Physical medicine and rehabilitation (PM&R) is a relatively young specialty that developed during the 20th century, with significant growth and development stimulated by two World Wars and by increasingly severe epidemics of paralytic poliomyelitis during the first half of the 20th century (1-4). During and after each of the World Wars, many soldiers returned with serious injuries and severe disabilities, and physicians and therapists were needed to treat and manage their chronic disabling conditions. This was particularly true after World War II, when the availability of antibiotics and improved surgical techniques allowed more injured soldiers to survive, albeit with significant disabilities. Similarly, over the same time period, increasingly severe epidemics of polio, frequent industrial accidents, and escalating motor vehicle accidents as a result of the increased availability of automobiles and higher-speed roadways added greatly to the burden of impairment and disability among the civilian population. Thus, events in the first half of the 20th century necessitated the development of new restorative treatment programs incorporating new physical and rehabilitative techniques, and the establishment of training programs for physicians and therapists to administer the treatments.
Nevertheless, with the exception of a relatively few scattered physical medicine physicians, it was not until the second half of the 20th century that specialists in rehabilitation medicine could profitably direct their energies exclusively, or even preferentially, to rehabilitation outside of the unprecedented and unsustainable circumstances of wartime military programs. Also largely missing until the second half of the 20th century were separate departments in academic and nonacademic medical centers devoted to the specialty, established training programs in PM&R, a sufficient number of PM&R practitioners, separate dedicated facilities for provision of rehabilitation services (e.g., dedicated wards in hospitals or separate rehabilitation centers), forums for the interchange of ideas (e.g., texts, journals, and professional societies), recognition by professional colleagues and the public that rehabilitation medicine specialists provided a needed service, and supportive legislation that would provide financial mechanisms to develop and provide such resources (5).
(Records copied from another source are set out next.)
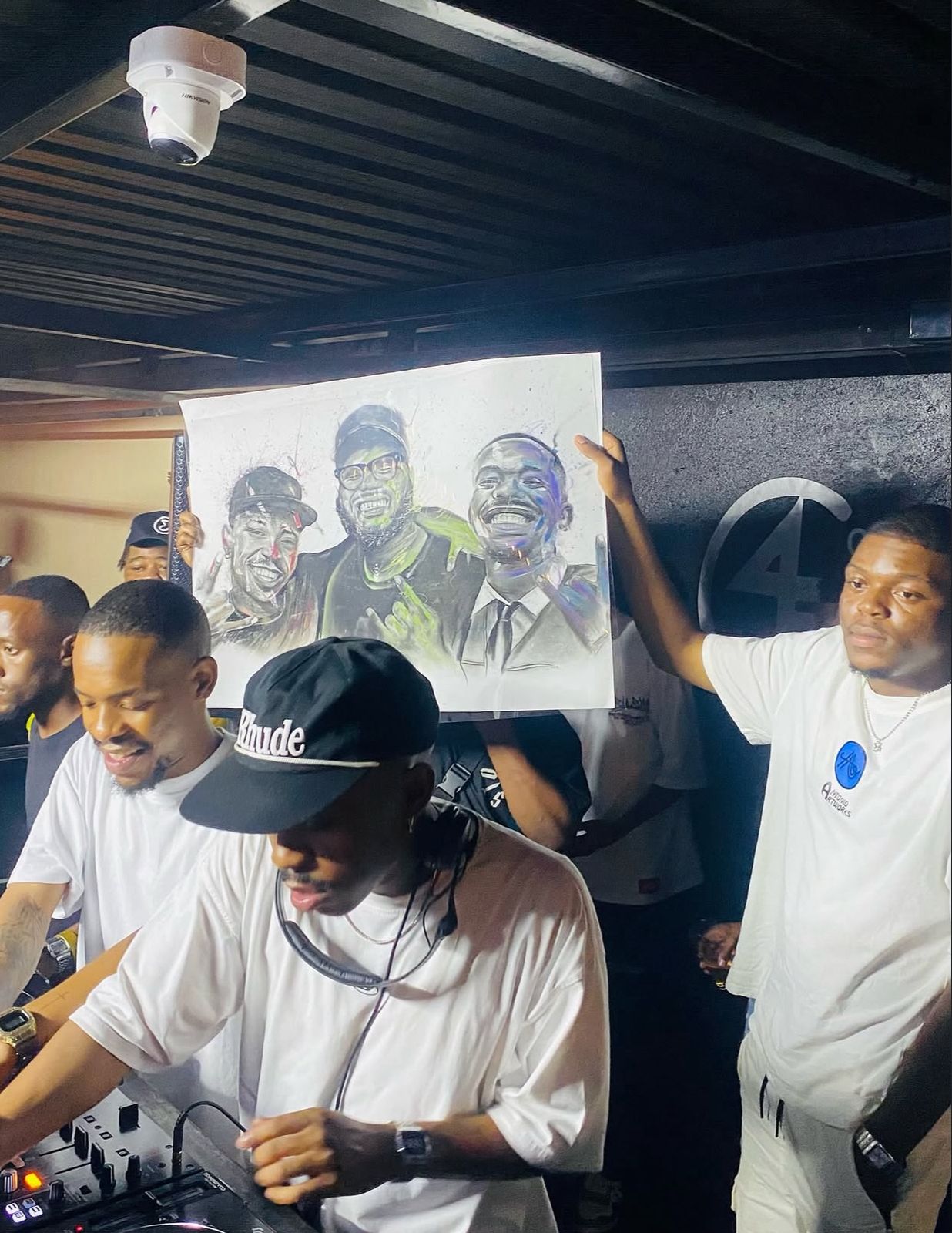 Shakes, Les and Bigg Bendz with artwork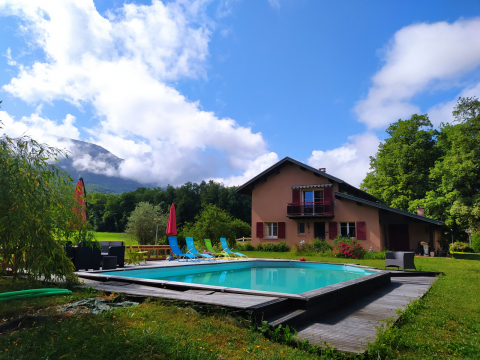 Country house between Annecy and Aix les Bains in Haute-Savoie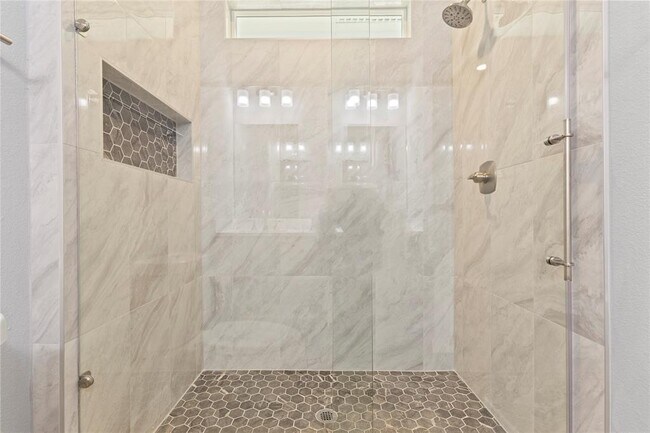 Building Photo - 240 Shadow Oak Dr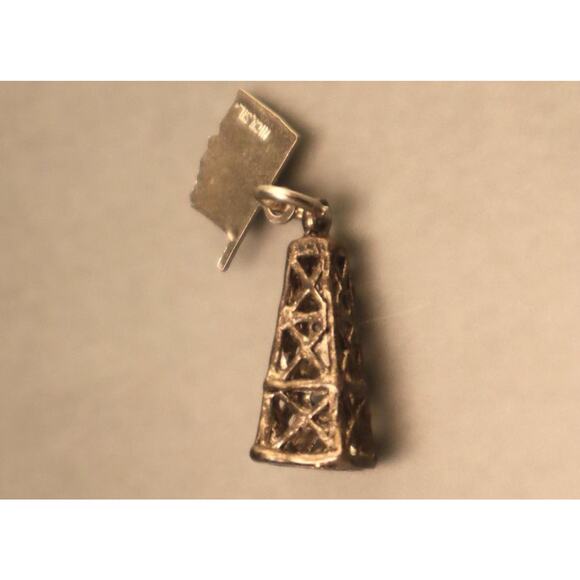 Sterling Silver Oil Derrick Oklahoma Charm - Picture 3 of 3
WORLD WAR AND ITS AFTERMATH: BEGINNINGS OF PHYSICAL MEDCINE AND WOCATIONAL REHABILITATION
During much of the 19th century, physicians who employed physical modalities or advocated treatment with fresh air, water, exercise, and dietary modification were at risk of being labeled quacks by other members of the medical profession. However, near the turn of the century, orthopedic surgeons, in particular, began using selected physical treatments-massage, exercise, hydrotherapy-as part of special programs to augment medical care and convalescence within hospitals under physician supervision. During World War I (1914-1918), physical and occupational therapy became increasingly important adjuncts to surgical practice, particularly in the treatment of orthopedic casualties, because surgeons realized that surgery alone was insufficient to achieve maximum return of function, and because empirical experience indicated that physical methods were useful adjuncts in the medical care and convalescence of wounded and disabled soldiers (1,4). In particular, with active U.S. involvement in the war beginning in 1917, Colonel Joel Ernst Goldthwait, MD (1866-1961), chief surgeon in the Orthopedic Medical Corp of the American Expeditionary Forces, and Colonel Elliott G. Brackett, MD, in the Home Service, also an orthopedic surgeon, enthusiastically supported a role for physical therapists in the rehabilitation of orthopedic casualties (67). Late in 1917, a program of Women's Auxiliary Medical Aides was established in the Surgeon General's Office, but by April 1918, this was transferred to the Division of Physical Reconstruction and renamed "Reconstruction Aides" (Figure 1.1)(6). Major (later Lieutenant Colonel) Frank B. Granger, MD (1875-1928), was named director of the Physiotherapy Service of the Reconstruction Division for the Army, and under his command the reconstruction aid program was directed by Chief Aide Marquerite Sanderson (formerly from Dr. Goldthwait's office in Boston) (6.8). Training programs for the reconstruction aides were established at Walter Reed General Hospital, headed by therapist Mary McMillan; later at Reed College in Portland, Oregon (where McMillan also initially taught during a leave of absence from Walter Reed); and eventually at 13 other programs across the country (6,9,10).